El hombre que vendió la Torre Eiffel
En Ecuador aún guarda prisión un personaje muy singular llamado Sigifredo Dante Reyes de 68 años de edad, más conocido como “El Cuentero de Muisne”. Fue detenido por última vez en 2005 acusado de robo de vehículos. Este tipo fue un maleante muy carismático dotado de una gran inteligencia pero mal encaminada.
Sus fechorías rayan en lo inverosímil y demuestran el poder de persuasión y carisma que utilizó para embaucar y engañar a muchas personas. Hace poco leí que desde la prisión estaba escribiendo un libro con sus memorias en el que detalla sus andanzas y peripecias en el bajo mundo.
Dante Reyes siendo entrevistado en 2005
De sus delitos, uno de los que más se jactó fue de aquella vez cuando se hizo pasar por el hijo del entonces presidente de Costa Rica, José Joaquín Trejos, cuando en Ecuador era presidente Otto Arosemena. Con esa falsa identidad se alojó en el prestigioso Hotel Colón, y la pasó a cuerpo de rey junto a políticos y diplomáticos.

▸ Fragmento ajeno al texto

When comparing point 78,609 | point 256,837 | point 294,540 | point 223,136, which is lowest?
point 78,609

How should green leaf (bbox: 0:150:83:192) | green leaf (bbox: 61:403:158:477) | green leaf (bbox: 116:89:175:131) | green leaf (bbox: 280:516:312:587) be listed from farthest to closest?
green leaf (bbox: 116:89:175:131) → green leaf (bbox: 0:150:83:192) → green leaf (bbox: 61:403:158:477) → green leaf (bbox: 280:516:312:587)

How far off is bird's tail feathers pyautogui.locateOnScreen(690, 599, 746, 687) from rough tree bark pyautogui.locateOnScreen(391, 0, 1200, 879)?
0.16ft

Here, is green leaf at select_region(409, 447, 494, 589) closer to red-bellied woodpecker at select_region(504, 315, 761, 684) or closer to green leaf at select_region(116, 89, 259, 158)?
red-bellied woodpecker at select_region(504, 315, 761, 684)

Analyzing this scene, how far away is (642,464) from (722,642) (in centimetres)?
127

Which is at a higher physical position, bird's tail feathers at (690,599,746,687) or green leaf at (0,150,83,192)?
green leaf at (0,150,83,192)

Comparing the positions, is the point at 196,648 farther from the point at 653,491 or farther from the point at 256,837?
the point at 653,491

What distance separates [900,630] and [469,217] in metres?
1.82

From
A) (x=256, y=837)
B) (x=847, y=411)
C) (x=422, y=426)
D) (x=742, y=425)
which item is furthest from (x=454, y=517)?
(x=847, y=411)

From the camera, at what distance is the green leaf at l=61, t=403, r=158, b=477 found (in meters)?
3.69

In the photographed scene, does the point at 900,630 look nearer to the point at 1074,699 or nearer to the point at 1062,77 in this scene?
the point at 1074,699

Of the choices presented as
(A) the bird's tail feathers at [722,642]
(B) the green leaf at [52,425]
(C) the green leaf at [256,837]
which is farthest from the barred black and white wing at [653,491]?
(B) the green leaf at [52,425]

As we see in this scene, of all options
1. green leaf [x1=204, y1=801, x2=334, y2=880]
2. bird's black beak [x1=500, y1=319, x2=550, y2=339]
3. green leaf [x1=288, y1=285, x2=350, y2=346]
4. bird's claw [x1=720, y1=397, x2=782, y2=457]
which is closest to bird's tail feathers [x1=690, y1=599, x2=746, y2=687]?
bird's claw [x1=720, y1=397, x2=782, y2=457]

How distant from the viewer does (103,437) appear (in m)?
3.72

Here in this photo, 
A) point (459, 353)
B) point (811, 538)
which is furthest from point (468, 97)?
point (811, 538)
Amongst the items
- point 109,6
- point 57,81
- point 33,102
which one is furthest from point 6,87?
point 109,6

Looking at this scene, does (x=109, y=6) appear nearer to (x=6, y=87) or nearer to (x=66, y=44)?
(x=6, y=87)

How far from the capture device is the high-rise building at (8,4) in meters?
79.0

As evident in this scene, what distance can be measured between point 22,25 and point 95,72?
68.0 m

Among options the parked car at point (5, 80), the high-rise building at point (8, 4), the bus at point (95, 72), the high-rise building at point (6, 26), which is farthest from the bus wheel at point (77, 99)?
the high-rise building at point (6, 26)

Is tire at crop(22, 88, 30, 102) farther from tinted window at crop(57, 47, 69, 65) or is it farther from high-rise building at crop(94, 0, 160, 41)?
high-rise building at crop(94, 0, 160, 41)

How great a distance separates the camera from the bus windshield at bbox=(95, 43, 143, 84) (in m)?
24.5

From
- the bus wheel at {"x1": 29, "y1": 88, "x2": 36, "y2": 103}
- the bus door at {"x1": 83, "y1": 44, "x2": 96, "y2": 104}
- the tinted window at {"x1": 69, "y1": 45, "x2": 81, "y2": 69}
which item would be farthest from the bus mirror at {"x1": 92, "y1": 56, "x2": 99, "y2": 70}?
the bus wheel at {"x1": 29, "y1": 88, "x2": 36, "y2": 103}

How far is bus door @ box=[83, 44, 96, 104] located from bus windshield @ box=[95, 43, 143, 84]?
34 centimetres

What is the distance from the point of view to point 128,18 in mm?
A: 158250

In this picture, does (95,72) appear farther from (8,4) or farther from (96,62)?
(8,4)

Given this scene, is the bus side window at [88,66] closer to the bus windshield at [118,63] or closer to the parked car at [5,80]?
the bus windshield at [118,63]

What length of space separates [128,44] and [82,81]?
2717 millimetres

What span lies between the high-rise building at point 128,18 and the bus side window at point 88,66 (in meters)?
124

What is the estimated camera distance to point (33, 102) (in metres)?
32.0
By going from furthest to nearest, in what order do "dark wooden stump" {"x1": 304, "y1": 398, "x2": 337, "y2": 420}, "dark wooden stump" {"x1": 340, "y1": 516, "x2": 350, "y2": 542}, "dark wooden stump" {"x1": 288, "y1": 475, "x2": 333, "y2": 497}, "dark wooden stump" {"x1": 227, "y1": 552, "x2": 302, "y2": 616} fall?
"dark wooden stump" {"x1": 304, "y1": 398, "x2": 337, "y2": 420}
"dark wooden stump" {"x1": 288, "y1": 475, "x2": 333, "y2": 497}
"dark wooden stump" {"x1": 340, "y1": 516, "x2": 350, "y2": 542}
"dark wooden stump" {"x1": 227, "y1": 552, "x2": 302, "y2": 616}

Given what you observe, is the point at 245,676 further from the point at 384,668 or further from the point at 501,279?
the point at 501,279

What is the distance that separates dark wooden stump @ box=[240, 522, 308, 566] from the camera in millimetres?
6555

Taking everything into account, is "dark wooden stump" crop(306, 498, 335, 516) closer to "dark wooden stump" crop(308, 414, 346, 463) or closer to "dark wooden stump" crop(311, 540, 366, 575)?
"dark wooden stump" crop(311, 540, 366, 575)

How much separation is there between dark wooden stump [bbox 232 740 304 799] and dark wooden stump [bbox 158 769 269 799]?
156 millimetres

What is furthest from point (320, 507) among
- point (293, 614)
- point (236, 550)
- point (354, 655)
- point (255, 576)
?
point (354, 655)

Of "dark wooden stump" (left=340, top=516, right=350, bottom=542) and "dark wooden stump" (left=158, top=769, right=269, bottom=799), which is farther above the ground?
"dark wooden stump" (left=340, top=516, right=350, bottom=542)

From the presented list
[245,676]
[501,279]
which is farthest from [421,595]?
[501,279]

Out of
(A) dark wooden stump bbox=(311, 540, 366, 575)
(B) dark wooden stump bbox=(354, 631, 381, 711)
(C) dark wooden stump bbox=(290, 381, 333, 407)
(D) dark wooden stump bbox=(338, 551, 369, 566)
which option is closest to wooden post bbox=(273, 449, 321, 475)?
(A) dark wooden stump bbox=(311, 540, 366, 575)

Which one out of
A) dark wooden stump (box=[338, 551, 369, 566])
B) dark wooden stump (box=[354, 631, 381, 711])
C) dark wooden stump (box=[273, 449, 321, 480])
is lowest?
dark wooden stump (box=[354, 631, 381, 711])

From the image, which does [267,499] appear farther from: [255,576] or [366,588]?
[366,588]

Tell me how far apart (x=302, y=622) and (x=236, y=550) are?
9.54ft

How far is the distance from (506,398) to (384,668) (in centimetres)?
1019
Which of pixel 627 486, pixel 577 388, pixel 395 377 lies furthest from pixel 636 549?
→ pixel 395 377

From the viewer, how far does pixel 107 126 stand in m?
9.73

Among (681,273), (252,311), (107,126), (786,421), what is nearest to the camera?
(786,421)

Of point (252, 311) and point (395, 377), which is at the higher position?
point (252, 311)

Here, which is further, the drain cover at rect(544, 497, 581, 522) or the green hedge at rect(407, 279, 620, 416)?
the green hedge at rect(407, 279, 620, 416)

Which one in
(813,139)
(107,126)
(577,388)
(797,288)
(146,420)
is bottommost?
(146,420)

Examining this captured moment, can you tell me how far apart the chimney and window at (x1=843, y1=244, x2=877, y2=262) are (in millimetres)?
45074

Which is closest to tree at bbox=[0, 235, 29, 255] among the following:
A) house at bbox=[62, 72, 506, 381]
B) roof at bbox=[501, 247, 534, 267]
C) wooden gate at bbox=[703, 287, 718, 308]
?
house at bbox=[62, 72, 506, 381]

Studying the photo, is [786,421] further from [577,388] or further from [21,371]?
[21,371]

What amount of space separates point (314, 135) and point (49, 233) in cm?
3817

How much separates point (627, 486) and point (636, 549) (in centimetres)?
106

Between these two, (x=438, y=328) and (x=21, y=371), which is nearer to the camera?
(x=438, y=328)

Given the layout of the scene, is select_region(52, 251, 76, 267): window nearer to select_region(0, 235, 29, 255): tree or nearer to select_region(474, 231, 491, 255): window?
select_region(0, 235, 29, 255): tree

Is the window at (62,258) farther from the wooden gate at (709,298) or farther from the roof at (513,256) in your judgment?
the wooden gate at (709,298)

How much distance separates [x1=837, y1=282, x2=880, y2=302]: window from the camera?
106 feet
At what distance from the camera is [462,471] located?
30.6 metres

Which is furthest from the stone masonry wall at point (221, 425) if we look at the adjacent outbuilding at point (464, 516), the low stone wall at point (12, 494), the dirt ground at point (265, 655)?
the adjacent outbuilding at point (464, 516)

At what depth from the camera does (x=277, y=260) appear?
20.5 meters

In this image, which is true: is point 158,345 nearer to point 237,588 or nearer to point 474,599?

Otra ocasión, disfrazado de sacerdote y aprovechándose de sus incipientes conocimientos de latín, escapó de la cárcel, saliendo por la puerta principal burlando a todos los guardias.
Pero su hazaña o estafa “cumbre” fue en 1980 cuando vendió la Torre del Reloj del Malecón de Guayaquil a una pareja de turistas suizos con una escritura falsa.
Torre del Reloj vendida a turistas suizos
Este último caso me hizo recordar a uno de los más famosos estafadores que registra la historia, quien llegó a tal punto de viveza que logró vender la Torre Eiffel.
Si, la gran torre francesa fue vendida y "dos veces" por Víctor Lustig.
Víctor nació en 1890 en la República Checa y era hijo del alcalde de la ciudad de Hostinné.
Realizó sus estudios en Alemania y en Francia donde fue un buen alumno y se destacó su habilidad para aprender idiomas, llegando a dominar el inglés, alemán, francés e italiano.
Pero los idiomas no eran su única habilidad, también era muy bueno para los juegos de azar como el póker y el bridge, y fue a lo que se dedicó durante algún tiempo.
Haciéndose pasar como el "Conde Von Lustig" se embarcaba en los transatlánticos entre América y Europa para timar por medio de los naipes a los nuevo ricos americanos.
Víctor Lustig
Era un hombre más sofisticado que el promedio, un verdadero profesional, cuyas estafas bien podrían servir como guiones de películas.
Una mañana mientras desayunaba en un crucero leyó en el periódico una noticia que le daría una gran idea.
En 1925, Francia luchaba por salir de la crisis causada por la Primera Guerra Mundial, y entre tantos recortes en el presupuesto a algún burócrata se le había ocurrido la idea de tumbar la Torre Eiffel.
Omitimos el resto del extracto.